Such are a the questions which immediately occur to me. One one really has to do, to see that hereditary monarchy is best, is to take a really close look at what the end of government is. I have tried to do that elsewhere.
September 6, 2010 at 12:12 pm
I think I gave due space to the fact that the ambition for power corrupts more effectively than power itself. Furthermore, I also suggested that the only effective replacement for the self-correcting elements in hereditary monarchy is the proper subjection of the temporal to the spiritual sword. Thus, I am not suggesting that the arguments given are arguments for a secular mixed polity. I do not agree that “S. Thomas only speaks of the aristocratic element being chosen by people.” You seem to be assuming that when he says “the rulers are chosen by all” he is not including the chief ruler among the ‘rulers’ chosen by the people. He does say the chief ruler was not chosen by the people under the judges but he never speaks of heredity but rather of God directly appointing the ruler and this was because “This people was governed under the special care of God”. In fact he never mentions heredity, neither in the Summa nor in the De Regno. He does talk about elective Monarchy in the De Regno, and as a bulwark against tyranny “If to provide itself with a king belongs to the right of a given multitude, it is not unjust that the king be deposed or have his power restricted by that same multitude if, becoming a tyrant, he abuses the royal power.” In the case of Christendom as a whole we have a divinely appointed King, God Himself. Thus, all other rulers are subordinate ones.
I would be interested to know who you think are the rulers who have most exemplified both virtue and ability in European history. I can hardly think of a single instance of two in a row in English history at least since the conquest. I suppose Alfred best exemplifies both and he was the son of a King and begot competent successors but he was a youngest son and not expected to succeed and his remarkable virtue and ability certainly changed the course of history.
September 7, 2010 at 8:41 am
I think you are right that the proper subjection of the temporal to the spiritual sword could go some way towards compensating for the loss of the benefits of hereditary monarchy, but I don’t think that it could go all the way. How, for example, would it counter the tendency of electoral systems to cause faction? It is strange that S. Thomas does not discuss this since he is so emphatic that faction is the evil most directly contrary to the good of the state. Perhaps it would have more success in instilling the kind of reverence for rulers which election does so much to undermine, but why not stick with the system which is most likely to foster such reverence in the first place?
You are of course right that S. Thomas does not argue for heredity, and does in the de Regno mention the possibility of the chief ruler being elected; but in the article that you quote he explicitly excludes that possibility, though admittedly this seems to be because of the special circumstances of Israel under Moses.

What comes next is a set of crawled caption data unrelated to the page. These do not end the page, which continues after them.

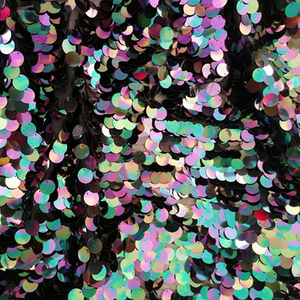 Chất Lượng Cao Pháp Polyester Thêu Căng Long Lanh Váy Cưới Màu Đỏ Đỏ 18Mm Lưới Ren Sequins Vải - Product Image 2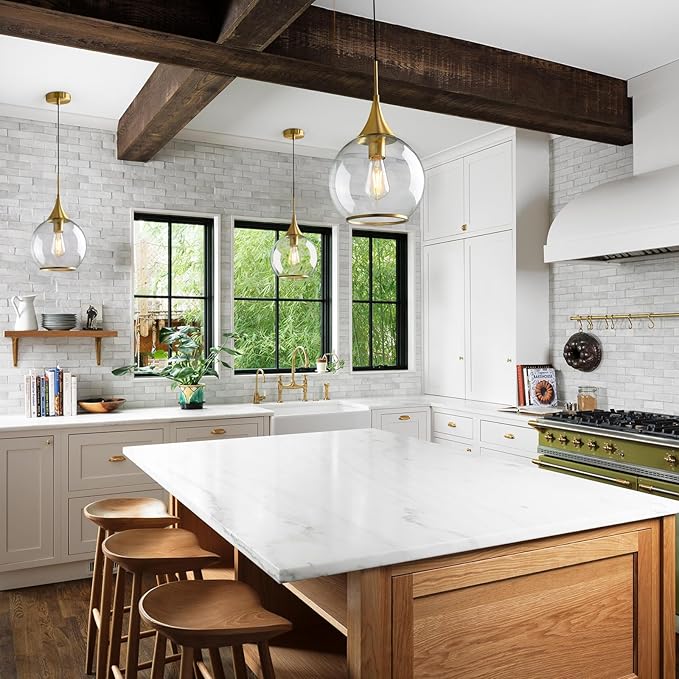 Pendant Lights Kitchen Island: Brushed Gold Light Fixture Farmhouse with Clear Glass - 10 Inch Mid Century Globe Kitchen Lighting Fixtures Ceiling for Dining Room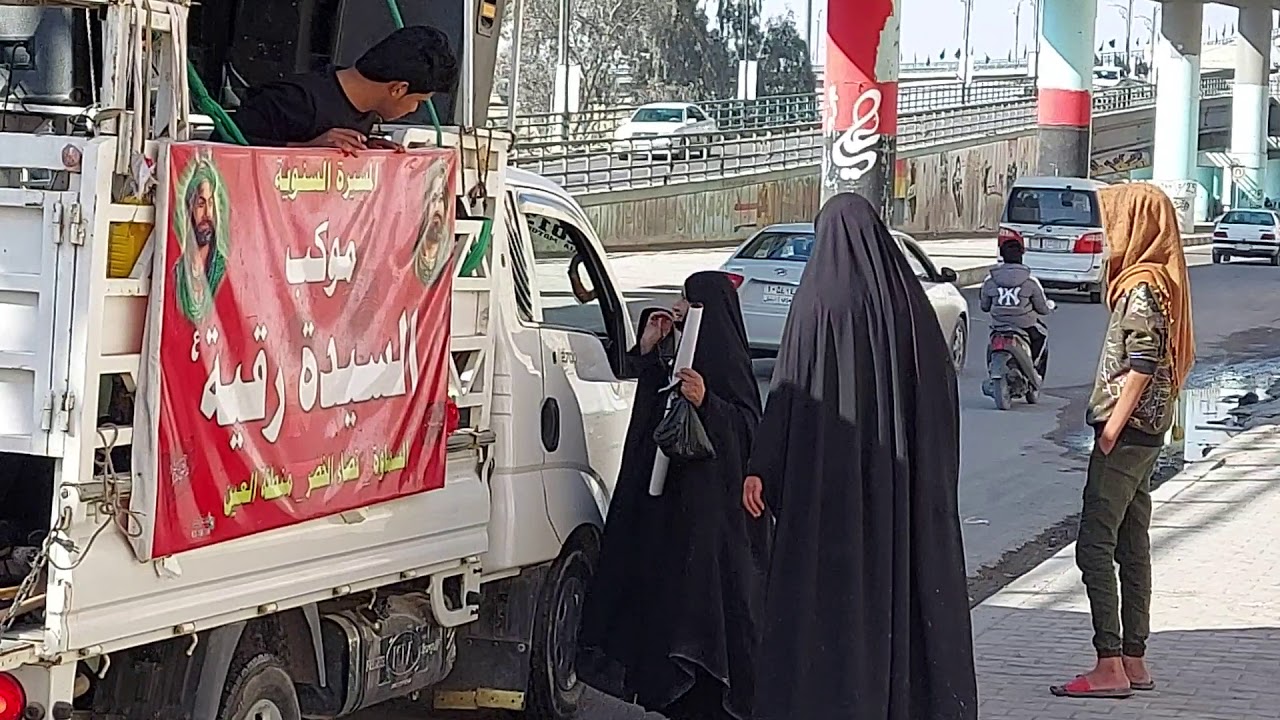 دخوليه موكب السيده رقيه السماوه قضاء الخضر كنطقه العين الى النجف الاشرف يا فاطمة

I would like to know exactly what you mean by “both virtue and ability:” what do you think the difference is? If virtue includes political prudence and justice, then I think virtue is ability. I don’t claim that there have been many monarchs who were of very great virtue (Leopold III of Austria, Louis IX of France, Isabella I of Castille etc. are exceptions), but I think a lot of monarchs have been fairly virtuous, certainly they compare favorably to elected officials in that department. There are a number of cases where I think one sees virtuous rulers succeeding eachother, but the fact is not recognized because Machiavellian historians consider one or other of the monarchs in question as “incompetent” (i.e. not unjust): an example from recent history would be Charles I of Austria succeeding Francis Joseph I.
I still don’t see what the strength of the electoral system is. You say it is self-evident that rulers should be chosen for talent and virtue, but you don’t give any convincing reason to suppose that election will in fact chose more talented and virtuous men than heredity. Again: how do you escape the problem of democratic envy?

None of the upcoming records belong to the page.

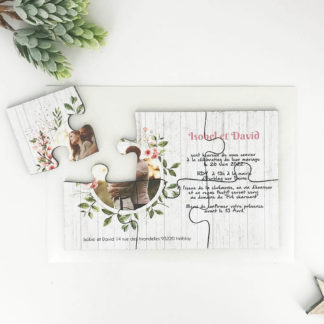Faire-part puzzle mariage - Douceur romantique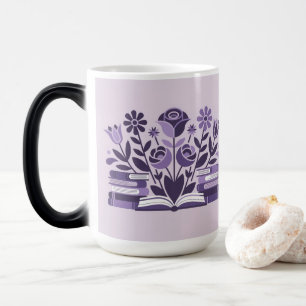 Blommor Böcker Bokälskare Föränderlig Mugg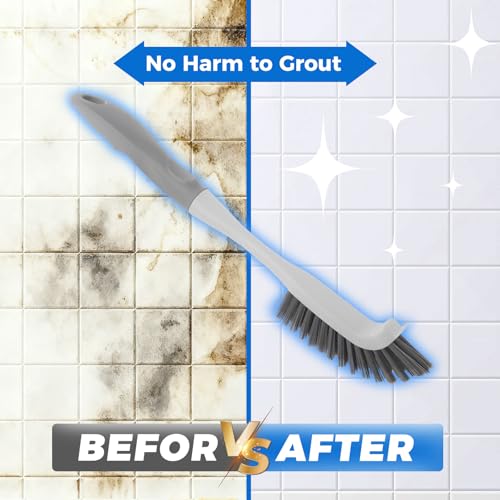 3 Pack Heavy Duty Scrub Brush Set for Household Use, Long Scrub Brush, Handheld Scrub Brush, and Crevice Brush with a Scraper Head for Cleaning Bathroom, Tile, Grout, Tub, Floor, Sink - Image 5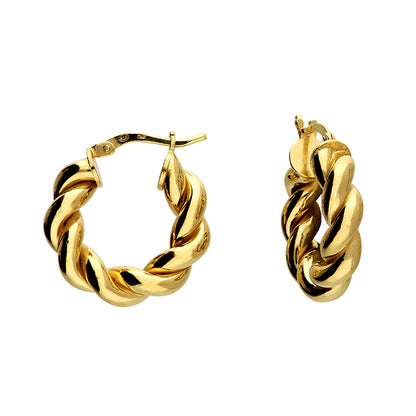 Deep Twisted Hoops in Gold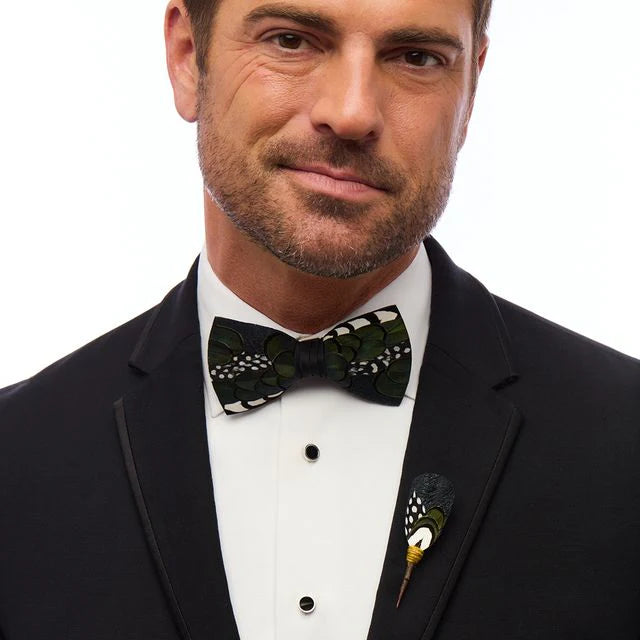 Saratoga  Lapel Pin - Pheasant & Peacock Feathers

It seems to me that heredity is evidently the most fitted to human nature, as Erik von Kuehnelt-Leddihn once wrote:
September 7, 2010 at 11:29 am
Well it seems clear to me to me that if the rulers are not chosen at all then they can’t be chosen for virtue and ability. If they are going to be chosen then I see no good reason to restrict the choice to a smaller group than the adult population as a whole as this would lead us back to having to select the group that selected that group for virtue and ability. There clearly must be a distinction between virtue and ability. For example, there have been many societies where military ability was an important requirement for a successful ruler others where a sound grasp of economics would be very helpful these abilities are not acquired simply through moral virtue even prudence. Even if the ruler need only be a good person who appoints able ministers answerable to him a skill in reading persons and detecting when they are trying to manipulate or deceive him is indispensible and not automatically attached to the moral virtues or prudence. My argument was that these considerations make the elective mixed polity superior in the abstract but that human sinfulness makes limited hereditary monarchy superior in practice (partly because of its limitations). However, an integrally Catholic elective mixed polity properly subject to the spiritual power would be superior to a hereditary one. I think Franz Josef and Karl are an odd example because Karl was not exactly the conventional hereditary successor of Franz Josef and their reigns saw the eclipse and final destruction of the Habsburg state. The division of blame for this is obviously complicated but it isn’t exactly a success. Able and virtuous hereditary rulers seem to be disproportionately concentrated in the early history of European states. I suspect this is because of the high mortality of rulers at this stage, the looseness with which hereditary principles were applied, the frequency of genuine converts and the fact that election would most likely have led to actual civil war.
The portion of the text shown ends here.